# Robert Traill on earthly life as the reward of the covenant of works



## Reformed Covenanter (Mar 27, 2021)

We find God making himself known to man (for it is about man we will keep ourselves confined) as a Lord Commander; and as he has made this creature, he will dispose of him as he sees good. He determines the place of his living; he determines his employment; he lays him under law, and gives him a just and righteous command. He made himself known to man as a threatener too: _In the day that thou eatest thereof, thou shalt surely die_.

Ay, but, say you, was there no promise in the first covenant? Truly the word does not say there was any: but if people will needs have it that there was a promise, it is not worthy the name of a promise, in regard of what we have in the New Testament. That promise laboured under woful disadvantages, that we are now relieved from.

_1st, _That promise was a promise of continuance in that happy state he was made in, but no promise of a better. There was no promise of eternal life to the first Adam, as far as we can find in the terms of it. There was no more spoken of, but a continuance in that state: and this is implied in the threatening, _In the day that though eatest thereof, thou shalt die_; which implies, Until the day thou eatest thereof thou shalt live. But we have a promise in the new covenant of a far better state than that we are in. ...

For more, see Robert Traill on earthly life as the reward of the covenant of works.

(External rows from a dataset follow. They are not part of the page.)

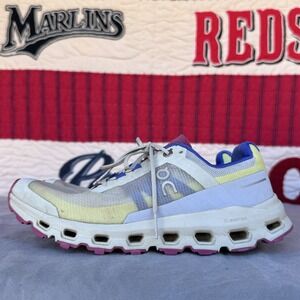 Size 8 - On Cloud Vista 64.98271 Women's‎ Running Shoes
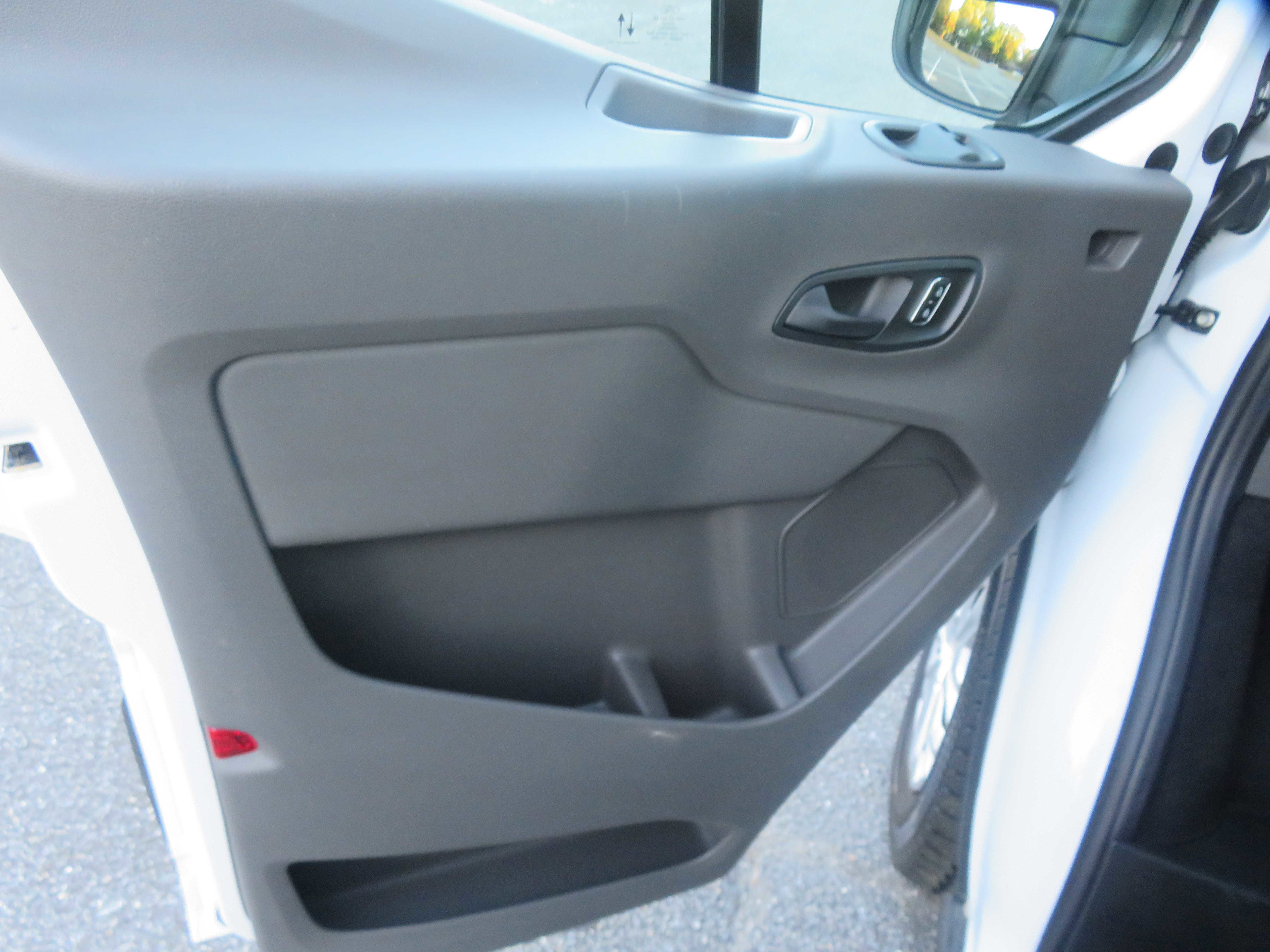 Used 2024 Ford Transit 350 XLT image 14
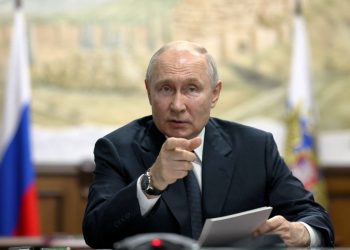 Putin’den ABD açıklaması: Her şey yaptırımlar ya da güçle çözmeye çalışıyorlar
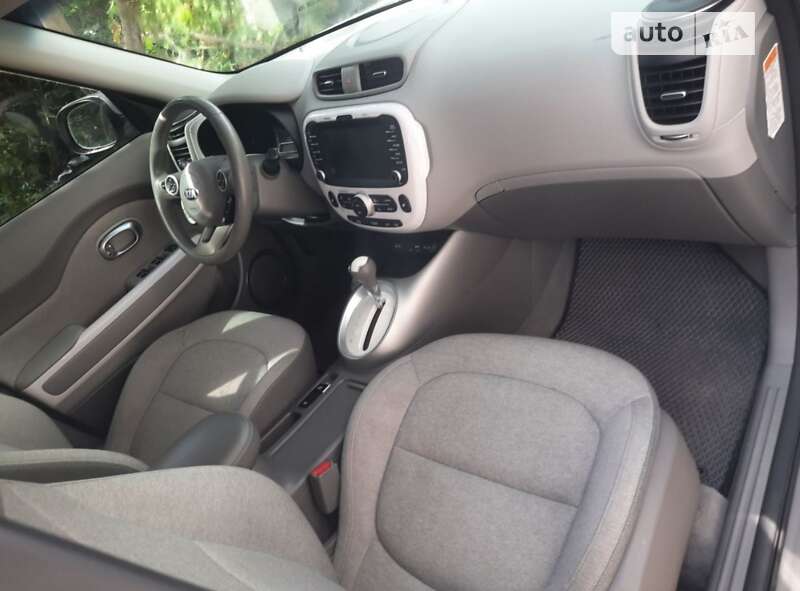 Позашляховик / Кросовер Kia Soul 2017 в Одесі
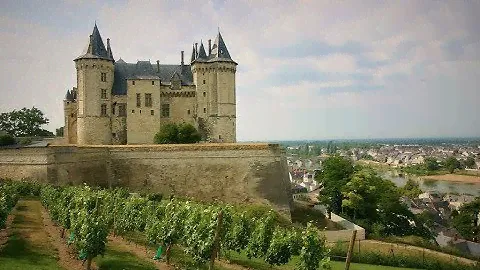 Places to see in ( Saumur - France ) Chateau de Saumur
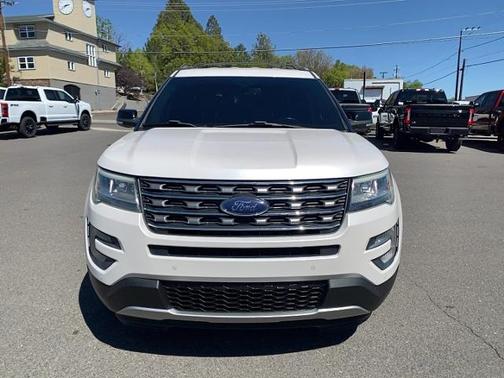 WHITE PLATINUM MET TRI-COAT 2017 Ford Explorer XLT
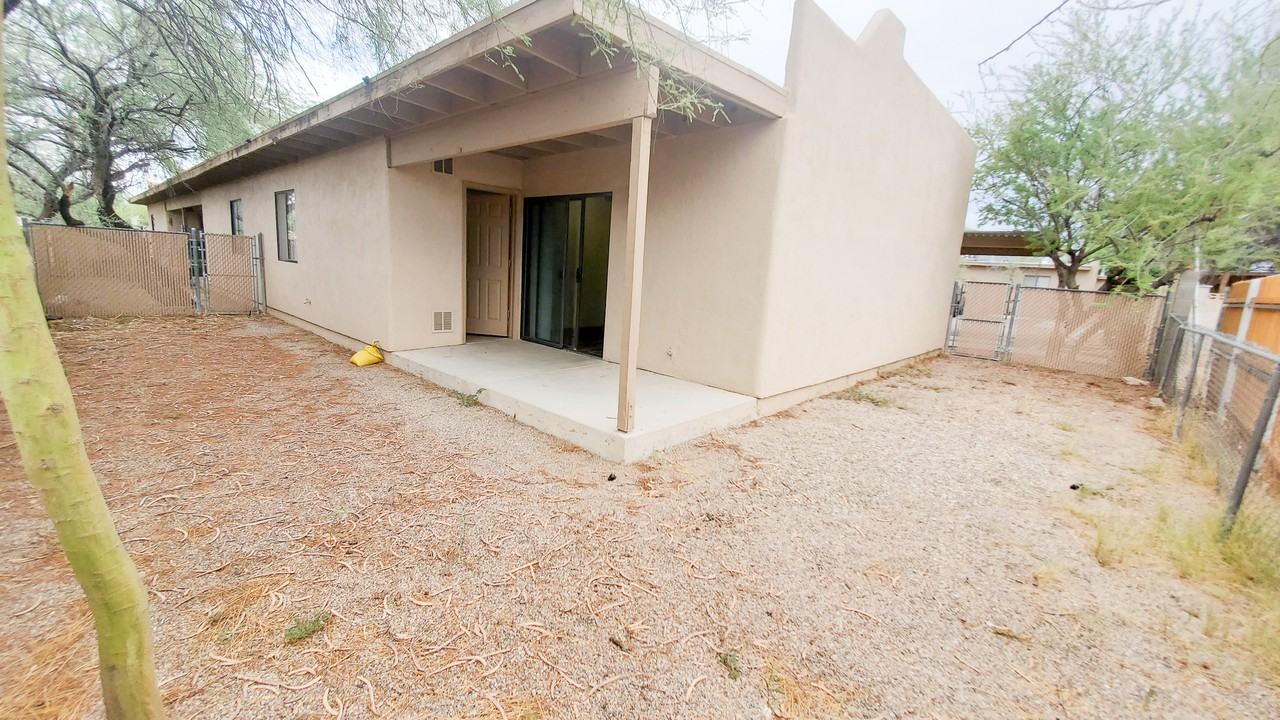 None 3409/19 E Water St - Photo 2 of 34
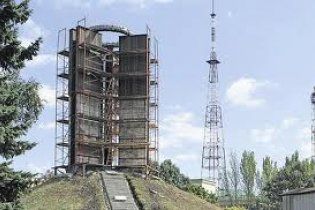 У Донецьку пам'ятник "Жертвам фашизму" позолотять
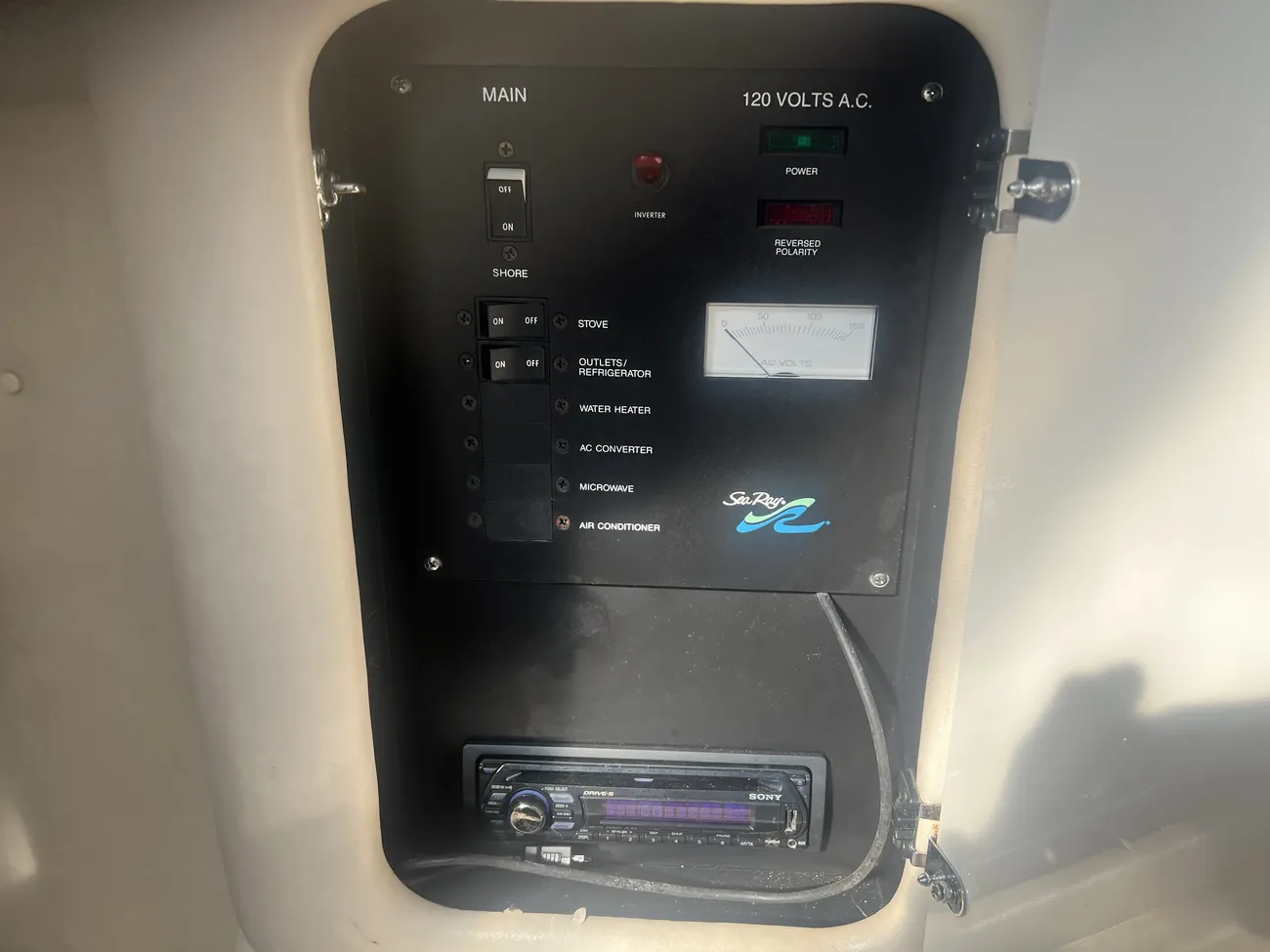 Sea Ray 270 Sundancer - Image 26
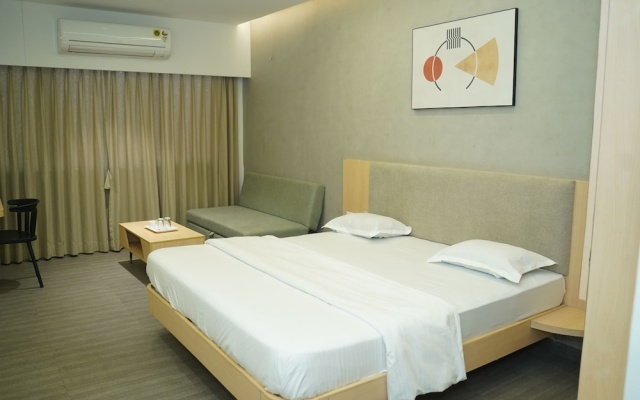 Hotel Bajaj Residency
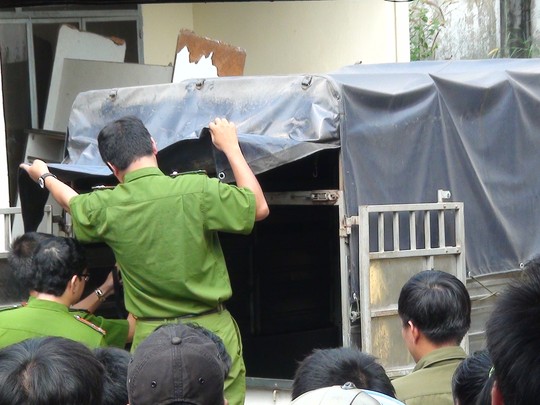 Người đàn ông chết trên xe trong tư thế thắt cổ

@Travis Fentiman - here is the source that I mentioned in the other thread. As you will see from the blog post, these sermons were published in 1718, which would have been too late for PvM. There may have been an earlier edition of them, but I can find nothing on EEBO I or II.


----------



## Travis Fentiman (Mar 27, 2021)

Thanks so much Daniel.

Reactions: Like 1


----------



## brandonadams (Mar 27, 2021)

I believe Rowland Ward also has a section on the various views on this point


----------



## Travis Fentiman (Mar 28, 2021)

brandonadams said:


> I believe Rowland Ward also has a section on the various views on this point


Are you able to get a reference, Brandon? Only at your convenience.


----------



## brandonadams (Mar 29, 2021)

It's chapter 14 ("The life promised in the covenant") in Ward's "God and Adams" (at least in the first edition - 2nd is out now). He quotes

William Bucanus, Institutions, 111.
Robert Rollock, A Treatise, 10.
John Ball, A Short Treatise, 67.
John Ball, A Treatise on the Covenant, 10.
William Ames, Marrow, I.X.31 (p.113).
A Body of Divinitie, 125.
John Downame, The Summe of Sacred Divintie, 225-226.
Edward Fisher, The Marrow, 1st ed. 1645, 11-12.
Anthony Burgess, Vindiciae, 136.
Peter Bulkeley, The Gospel-covenant, 55.
Samuel Rutherford, The Covenant of Life Opened, 22.
Francis Roberts, Mysterium, 27; see also Anthony Burgess, Vindiciae, 107-108.
William Bridge, Christ and the Covenant, 61, who quotes the Geneva Bible.

Reactions: Like 1


----------